Heavy athletics refer to the athletic events which require significant strength and power and include stone-throwing, weight tossing, hammer-throwing, caber turning, and sheaf tossing.
Weight for Height & Distance
The 56lb. weight for height is tossed over a cross bar with one hand. Three attempts are allowed at each height. If the thrower misses all three tries at one height, then he is out of the competition. The 56lb. weight for distance can be either block or spherical shaped with links and a handle and is thrown with one hand in a 4’6″ x 9′ throwing area. One foot must be kept inside this area or the throw is a foul.
The Open Stone Put is called “open” style because any style of putting is allowed with the spin and glide styles being the most popular. The stone usually weighs between 16 and 22 pounds and the throwing area is a box 4’6″ wide and 7’6″ long. The thrower must keep one foot inside this area or the throw is a foul. The Braemar Stone Put uses a heavier stone, usually between 22 and 28 pounds, and it must be put from a standing position.
The sheaf is a 16 or 20 pound burlap or plastic bag stuffed with either chopped rope, straw, or mulch. The sheaf is tossed over a cross bar with a pitch fork. Three attempts are allowed at each height. If the thrower misses all three tries at one height, the he or she is out of the competition.
The 22 lb. Hammer Throw & 16 lb. Hammer Throw
The hammer has a lead or steel head with a bamboo or rattan handle affixed through a hole in the head. The athlete stands behind the trig with his back to the throwing area, winds the hammer around the head and releases over the shoulder. The athlete’s feet must remain in a fixed position until the hammer is released. Boots with blades attached to the front of them are usually worn to keep the feet on the ground and in a fixed position.

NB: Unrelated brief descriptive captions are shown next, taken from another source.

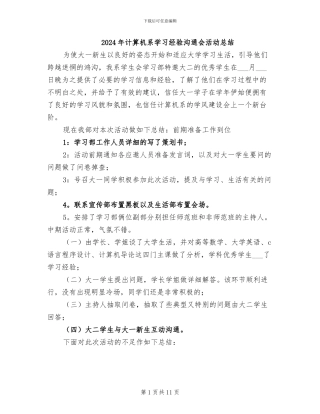 2024年计算机系学习经验交流会活动总结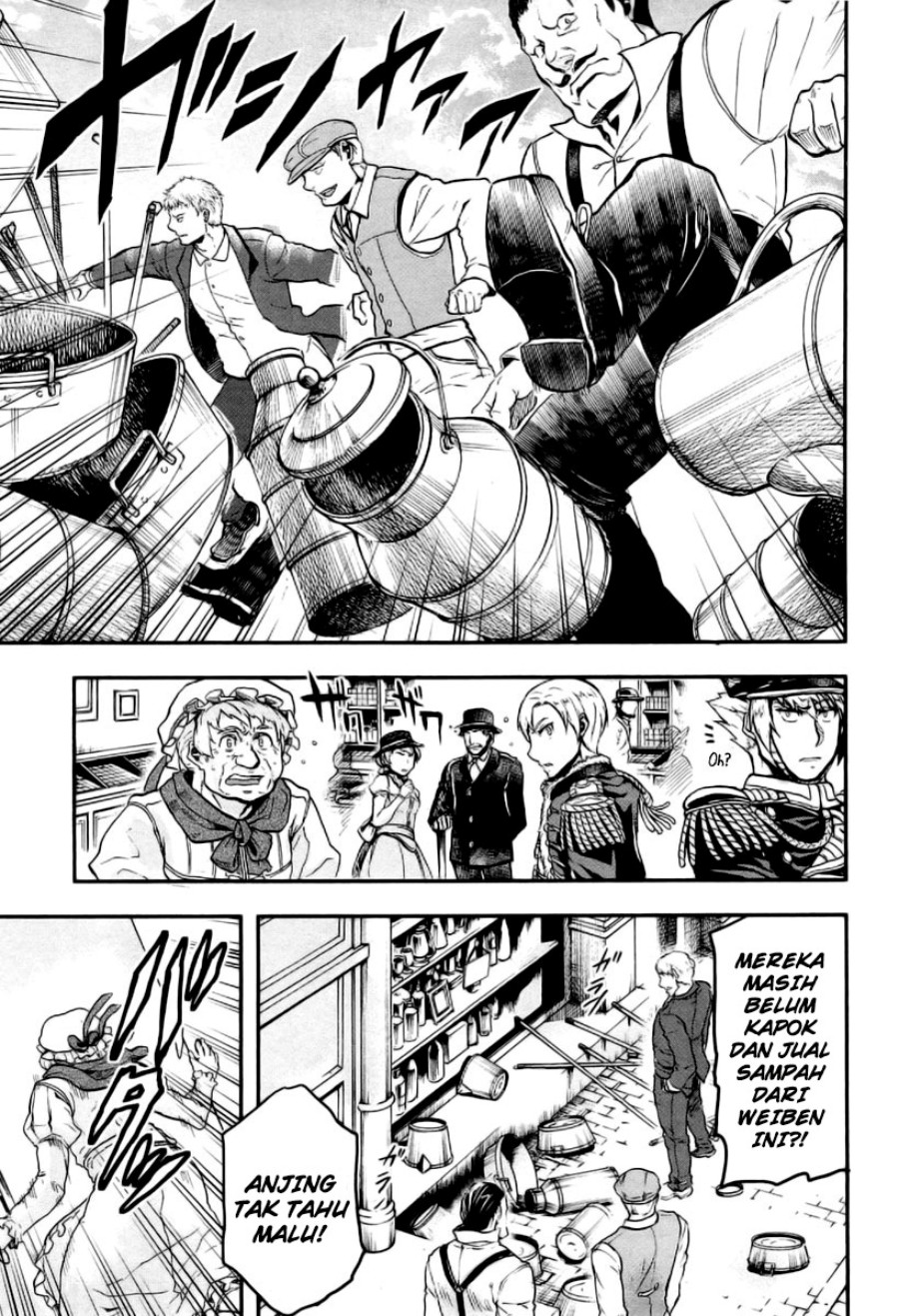 Gunka no Baltzar Chapter 07 Gambar 21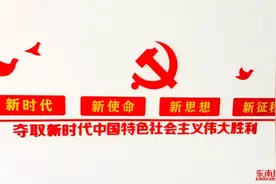宏路：全面加强队伍建设 扎实推进基层党建工作图片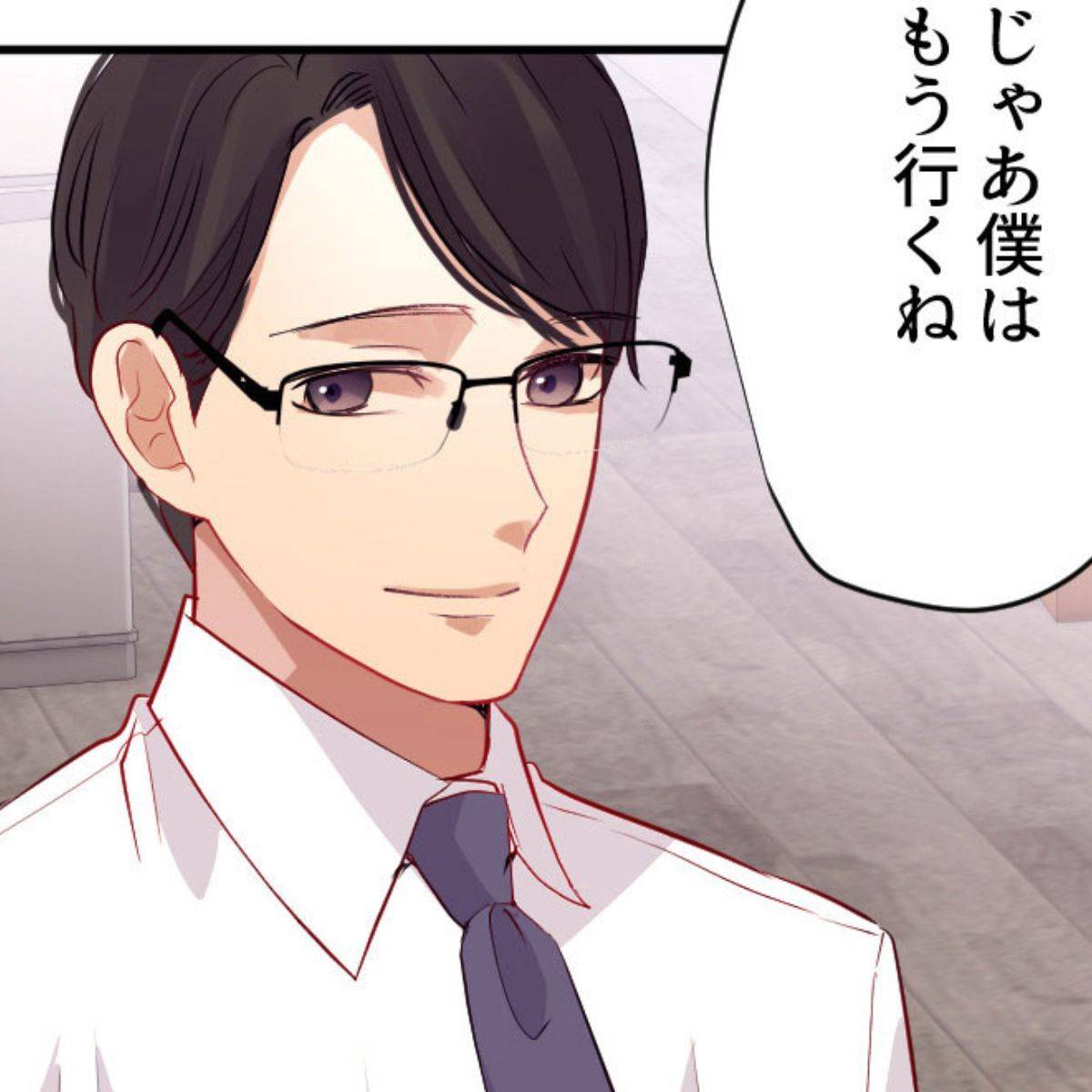 最期の夜はあなたと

The Caber is a tree that has been cut and trimmed down so one end is slightly wider than the other. It can vary in length from 16 to 22 feet and between 100 and 180 pounds. The thrower hoists the caber up and cups the small end in his hands. He then takes a short run with the caber, stops, and pulls the caber so that the large end hits the ground and the small end flips over to face away from the thrower. The caber is scored for accuracy as though the thrower is facing the 12:00 position on a clock face, 12:00 being a perfect toss.